Also, I have no doubt that once Americans figure out the muslei w/ a light (and I mean non-thick) yogurt beverage vs. traditional milk, breakfast will forever change. Dannon "Fit" comes close, but there's no substitute for this amazing european dairy product.
Anyway, we touched down in Barcelona at 10:00 AM local time, and after customs and public transportation, both relatively painless, we arrived at the W shortly before noon. The W hotel here is a bit out of the heart of the city, which is slightly inconvenient, but the luxury of an international business hotel is especially welcome after hour and hours of travel. In retrospect we probably would have stayed closer to the city center.
After unloading our baggage and a powernap, we walked down the nearby beach to pick up a two-day pass for those double decker tourist busses -- you know, those ones that do loops of the city, and you can get off and on at your leisure? They're quite plentiful here, but it's not the only form of public transportation -- There are busses and a subway system as well. Two wheeled transportation (motor and pedal power alike) make up half the vehicle traffic, I'd say. But the bus was fun...the info was so-so, but we got a primo spot on the roof.
We got off at Gracia district, and walked in the direction of Basilica Sagrada Familia, which is one of Antonio Gaudi masterpieces. I didn't know what to expect after seeing a large collection of gothic cathedrals in my day, this was entirely different. Aside from it's organic and unique structure, it's a living building. Constriction only began a little over 100 years ago, and is expected to take another 100 years from now to complete. They are incorporating modern techniques as they are discovered, yet parts of the grounds are actually declared UNESCO World Heritage sites. After walking around the perimeter, even with the hordes of tourists, we decided to go in and take the audio tour. I was simply blown away. Wish I could have gotten internal picts, but my battery died before we took the tour. Well worth it.

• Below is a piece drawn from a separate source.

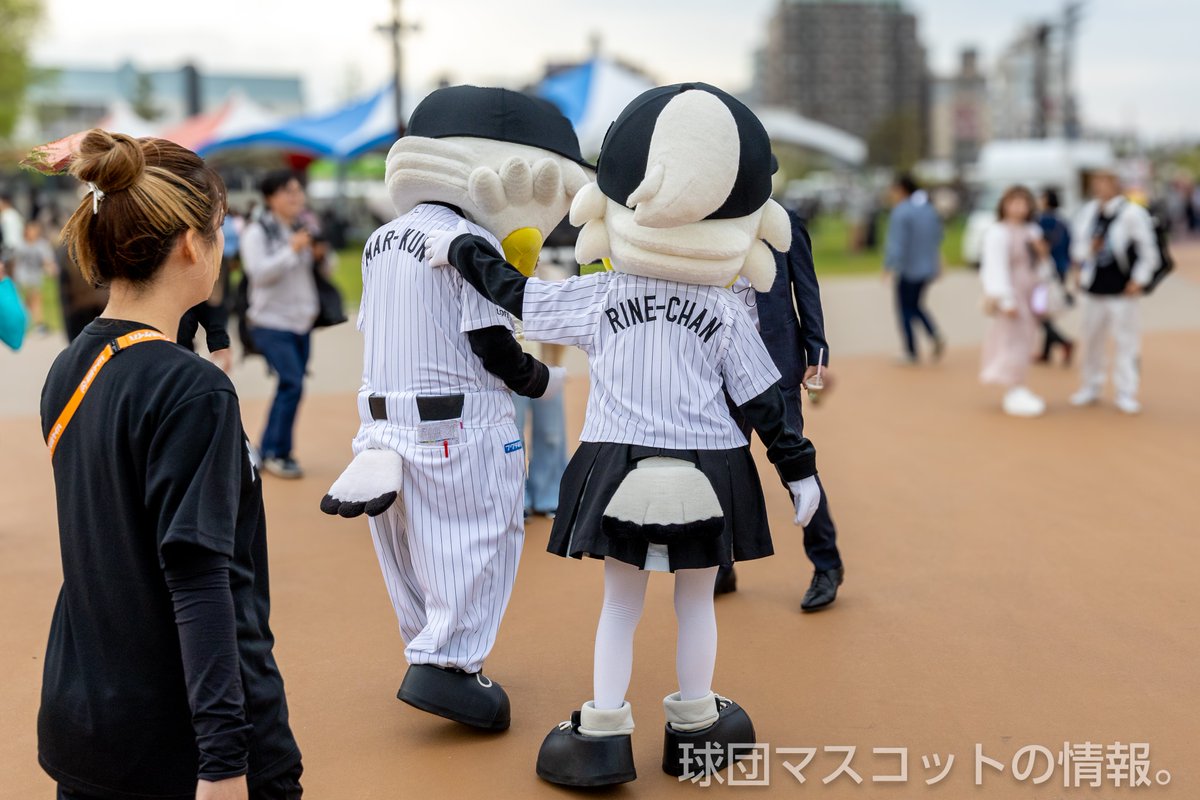 球団マスコットの情報。 tweet media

Dinner was Basque style tapes y vino in the Born district.
Day two started out embarrassingly MUCH later than expected, but clearly we needed the sleep. After a cafe con leche or two, we bussed it with the intention to visit another Gaudi site, but the rain changed our plans. We has equipped ourselves earlier with umbrellas just in case, so we did manage to get in some walking. For dinner Danielle had arranged meeting up with an old friend of her's who lives in Barcelona, so David met us in the Born district and waited as we stood in line at a famous tapas place that my friend Sassan told me about. When we finally set at the bar, the service was aloof but efficient. They know they've got amazing food that people wait in line for, and they've got no interest in wooing you with service. That said, the food was amazing. We had a delicious baked fish, squid, razor clams, tuna tartare, and pimientos de padron and delicious rioja wine. It was very very good. hectic, because people are standing 6" behind you waiting for you to hurry up and eat, but a very neat experience.
One thing about Barcelona, the food has been Very good. Even thought I've only been here for 2 days, I honestly can't think of anything I've eaten that hasn't been delicious. Internet access is very scarce (the W actually charges 20 euros / day for Wifi, but at least they have a business center with 4 computers), and I think I only spotted one Wi-fi coffee shop. I'm saving this draft straight to my phone, so who knows when it'll actually get published.